Everyone crowds into the silent and darkened church up to an hour before the service is set to begin. It is dark because it is at this time that we continue to commemorate the death of Christ. There's just something remarkable about the stillness and then the increasing glow of light as we all pass our candle flames from one to one another. The lights once turned on in celebration of Christ conquering the grave seem to burn brighter after so long of sitting in darkness. The whole evening is a love song to Christ.

This obviously was not my first Easter Vigil service but it was my first time having properly observed the Lenten season. As you all who follow my blog know, I chose to give up literature for Lent. I replaced this pleasure reading with reading that would grow me spiritually. The ten books that I chose, I chose by complete accident. In fact they were all library books and I chose them based on their availability. I did however end up with a good variety and some very wonderfully insightful books.  I have blogged on each one and if you want to go back and re-read my reviews go on ahead. I will though recap these great books. Just as the darkened room gradually grown to be fully illuminated by nothing but the tiny candles, so these books ignited a thirst in me to no longer live in silent acceptance of my faith but rather active and continual worship; love for my neighbor and my enemy. What began as a simple idea has truly changed my life. Thank you to all who went on this journey with me!



1) Jesus: The Greatest Life of All by Charles Swindoll
  • This book explained the cultural norms of the time of Christ.
2) Thirsting for God: The Spiritual Lessons of Mother Teresa
  • Probably the single best picture of the love we are called to give to everyone as Christians.
3) God's Story, Your Story: When His Becomes Yours by Max Lucado
  • A hopeful book about God's will for your life
4) Great Day Every Day by Max Lucado
  • Another powerful Max Lucado book this time showing how to navigate through lifes every day challenges and being able to praise the Lord through anything.
5) Love and Respect by Emerson Eggerichs
  • A in depth discussion on Ephesians 5 offering couples insight into what their partner desires most Love for the women and Respect for the men.
6) Too Busy Not To Pray: Slowing Down to Be With God by Bill Hybels
  • This book brigs to light the amount or rather lack of amount of prayer in ones daily life. It invites the reader to create a sacred space in which you go to pray. This is much like the Garden Jesus chose to retreat to in order to pray Hybels also reminds the reader not to read a wish list to the Lord but instead talk and gain a true relationship with the Lord through prayer.   
7) Hope Unseen: The Story of the U.S. Army's First Blind Active Duty Officer by Scotty Smiley
  • This is a beautiful and inspirational book. In it we see several things including the strength behind a God filled marriage, that even those who pray continually can fall and that no matter what happens God will see you through it and use your struggles to bless others.
8) Why?: Making Sense of God's Will
  • This book invites the reader to think in a way they may never have before about God's will, free will and the evils of the world.
9) Cast of Characters: Common People in the Hands of God by Max Lucado
  • Just like it says this book shows how God used the common people to do great things. The bible is full of unlikely heros and this book helps to show how culturally Gods choices were not extraordinary individuals but rather common ones with extraordinary faith.
10) Called Out Of The Dark: A Spiritual Confession by Anne Rice
  • A vivid journey through one authors catholic upbringing, period of deliberate atheism, a writing career reflecting the nudging of God on her heart ad her ultimate return to her Lord.

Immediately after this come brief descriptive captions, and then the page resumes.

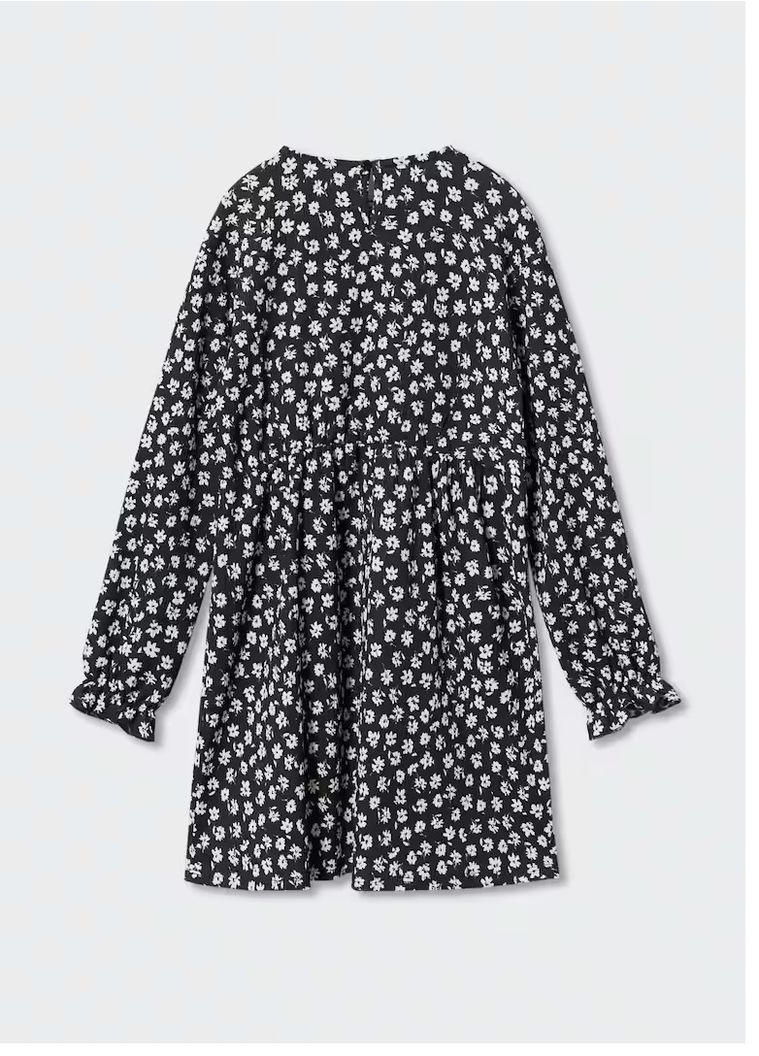 Чёрное платье сарафан на девочку Mango (321967661)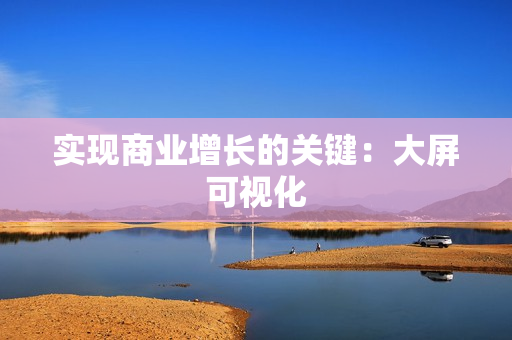 实现商业增长的关键：大屏可视化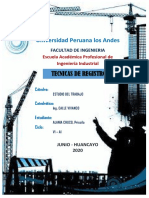 Universidad Peruana Los Andes: Tecnicas de Registro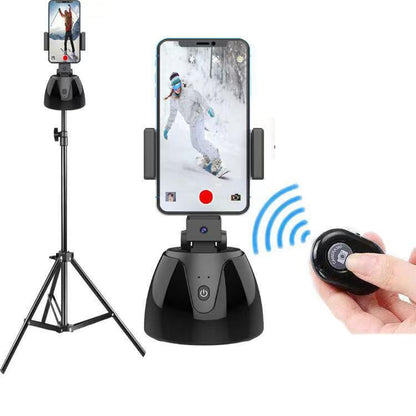 Smart 360-Degree Follow-Up Tripod Head For Live Video Recording With Battery-1915198267956793345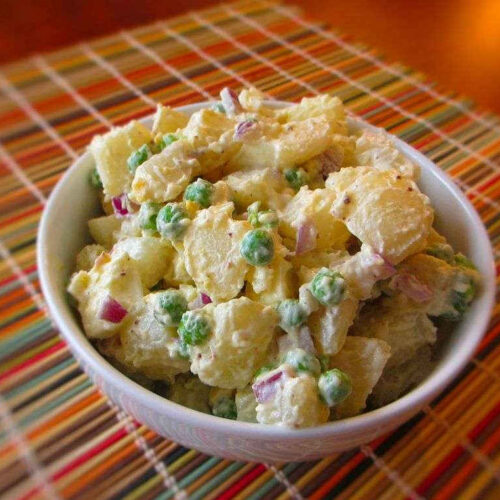 Potato Salad with Peas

Review: Called Out of Darkness

Called Out of Darkness by Ann Rice

Wow! (I've said that a lot this Lenten season) What a happy little accident that I stumbled upon this book.

48 hours ago I didn't know very much about Ann Rice. I first learned about her approximately a year ago through her book Pandora which I began to read but never finished. My sister Mara who was never much of a reader found the Vampire/Supernatural and suddenly increased her reading to surpass even my college reading as an English major. I was  surprised to find however that she hadn't read anything by Anne Rice. A few months ago I found about six Anne Rice books and sent them to Mara.

By chance I decided to like Anne Rice's page on facebook, why I have no idea but I did and noticed she is very vocal on her page. I decided with Lent coming to an end I would find another copy of Pandora and give it a second try. While looking through books on my library app I noticed that Anne Rice had a memoir and that it was available as an audiobook. I decided to read the description and realized this was exactly the type of book I needed to conclude my Lenten journey.

Rice begins with an in depth and detailed description of the Catholic church of her childhood. Her poetic and vivid imagery sets a tone of pure adoration for the majority of the book. These images were a spectacular reminder of what I too have fallen in love with about the catholic church.

Throughout the book she details her family life and her struggles and her ultimate turn to atheism. I will admit that I was one of those she discussed who picked up her books about Christ and was skeptical. This is the woman who writes about Vampires! But after reading her memoir I will be looking at her novels very differently. I think this would be beneficial to all who read her novels to start here, or end here either way. It is always great to see what was going through an authors life and mind and see how they integrated it into their works. This author however is more in depth and fascinatingly real than any author I have ever heard of.

Her love and study of history, her struggles with conventions of gender, her struggles with reading and her passion for writing the outcast make her novels even more exciting to me.

The quote that struck me was actually one that is quite simple. It expresses why she ultimately came back to God:

"God was there. God was Everywhere. God was God."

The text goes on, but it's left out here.